The data
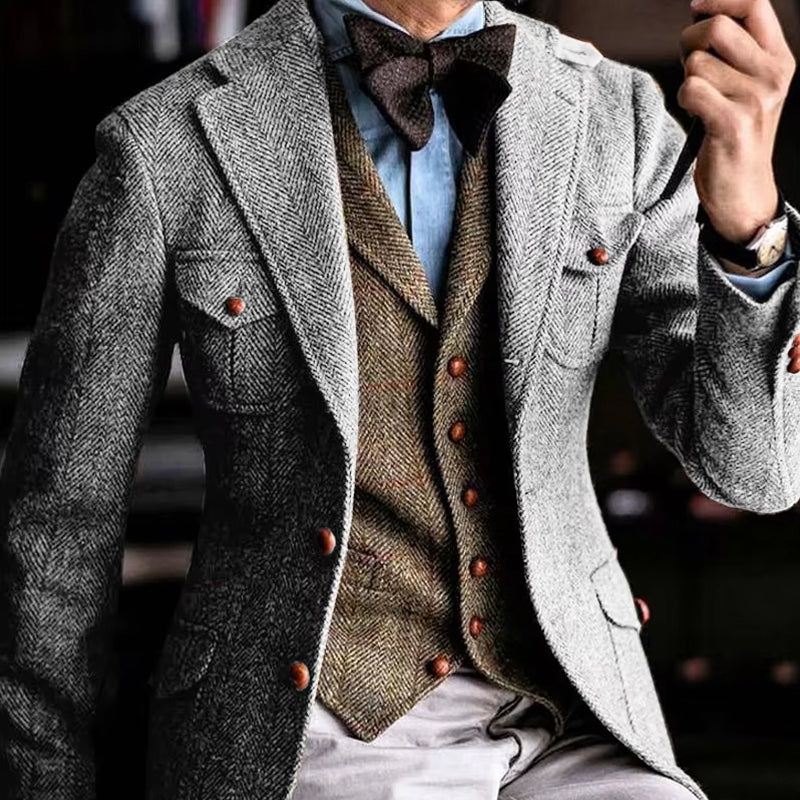 Men's Herringbone Blend Single Breasted Blazer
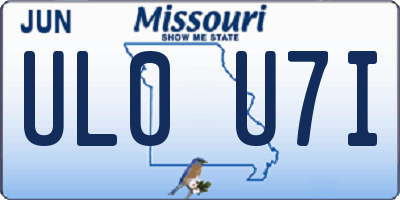 MO license plate UL0U7I
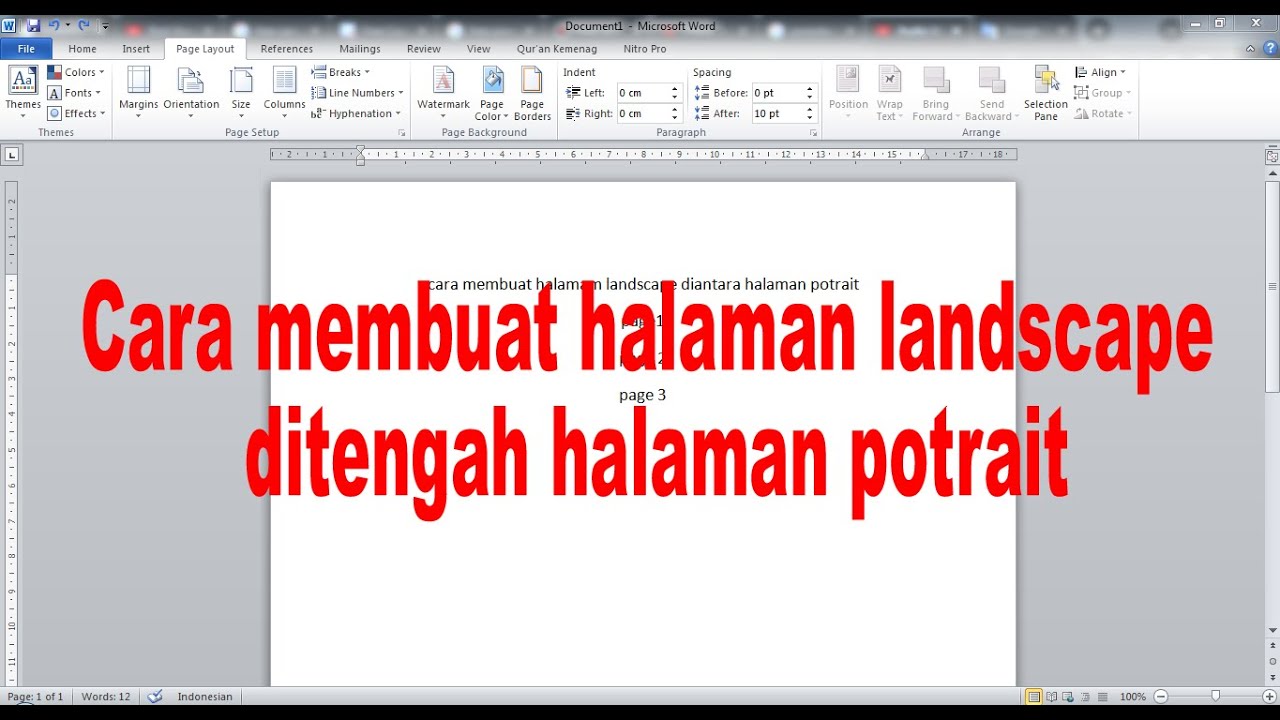 Cara Membuat Halaman Landscape Di Tengah Halaman Potrait - YouTube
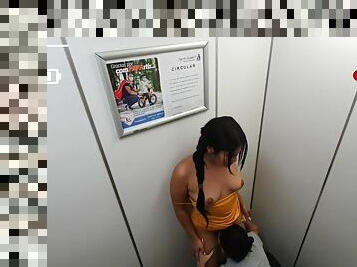 Two Hot Girls Stuck In The Elevator Having Public Sex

Activity
All that is needed is the span from the line with "Cara Membuat Halaman" through the last line of the material above, reproduced exactly and free of pictures.

Expected output
 Cara Membuat Halaman Landscape Di Tengah Halaman Potrait - YouTube
 Two Hot Girls Stuck In The Elevator Having Public Sex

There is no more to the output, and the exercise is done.